How to Fix a Leaky, Underinsulated Exterior Wall
When I began remodeling my master bathroom last month, I found the exterior wall ripe for some serious improvement. It had a number of problems, and I was excited to find them. It was worse than I imagined in some ways. The photo below shows the wall partially opened up.
Yes, there was insulation behind the bathtub, but as usual, there was no interior sheathing on that section. Here's a list of the problems I found:
- Termite damage. The studs on both sides of the window were eaten up and had to be replaced.
- Inadequate insulation. The wall had fiberglass batts labeled as R-7.4.
- Poorly installed insulation. I'd put a grade 3 on the installation quality of those batts.
- Sheathing with a lot of air leakage. The asphalt-impregnated fiberboard sheathing wasn't tight against the framing (photo below). As you can see, there was a lot of air movement in the cavities. (See my previous article on this air leakage.)
- Uninsulated band joist. No insulation or air-sealing at all here.
The photo below shows the approach I took. I couldn't do anything from the outside because of the brick veneer, so my first objective was to eliminate the air leakage pathways in the sheathing. I chose to use the cut-and-cobble method and put extruded polystyrene (XPS) foam board in the back of each cavity. I sealed them into place with one-part spray foam and a professional foam gun. I had to tack most of them into place to hold them there while the foam cured.

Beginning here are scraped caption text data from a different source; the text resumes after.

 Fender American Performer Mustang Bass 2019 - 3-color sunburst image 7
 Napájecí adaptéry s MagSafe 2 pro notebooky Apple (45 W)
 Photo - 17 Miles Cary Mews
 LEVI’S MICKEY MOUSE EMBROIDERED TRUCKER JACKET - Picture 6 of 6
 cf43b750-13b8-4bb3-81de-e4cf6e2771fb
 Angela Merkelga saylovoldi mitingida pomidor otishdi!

The reason I chose XPS instead of polyisocyanurate is its better drying capability. A half inch of XPS has a vapor permeance of about 2 perms, making it a class 3 vapor retarder. Polyiso, with its foil facing, has a permeance less than 0.2, making it a class 1 vapor retarder.
On top of the XPS, I installed unfaced fiberglass batts. I chose unfaced batts because the kraft paper facing is unnecessary in an above-grade wall in our location (IECC climate zone 3). The paper facing also makes it harder to install the batts well.
I installed the batts with minimal compression and so they completely filled the cavities. Yes, because of the 1/2" of XPS in the cavity, they're all compressed a little bit in depth. Because they're friction fit against the studs, there's a little bit of lateral compression as well. I still give myself a grade 1 on the install, though. What do you think?
In the band joist, I used salvaged blocks of XPS held in place with a 2-part spray foam kit. That should cut the air leakage significantly — as well as the spider infiltration. Yes, I found spider webs in those joist bays over our master bath. Who knows how many generations of spiders have lived and died up there?
Some of the products I used here aren't available from the big box stores. I bought both kinds of spray foam and the unfaced batts from my friend Rod MacKenzie at Green Building Resources.
The R-value improvement
I ran the numbers in my series & parallel heat flow spreadsheet. The original wall, with its R-7.4, grade 3 batts, wasn't very good. But it wasn't as bad as it could have been. The Celotex sheathing has an R-value of 1.5. Plywood and OSB come in at about R-0.5, so that extra R-1 of continuous insulation does help.
Here are the numbers for the whole-wall R-value:
That's a 50% improvement in the R-value. Not bad.
As I described above, my fix also should cut the air leakage significantly for that section of wall. Unfortunately, I won't be able to quantify that with before-and-after blower door tests. Our owners' association had the floor of our building air-sealed and insulated with spray foam at the same time I was doing this work.
This week I'm working on getting electrical work done, installing my exhaust fan, and then closing up the walls and ceiling with drywall and backerboard as we get ready for the finishes.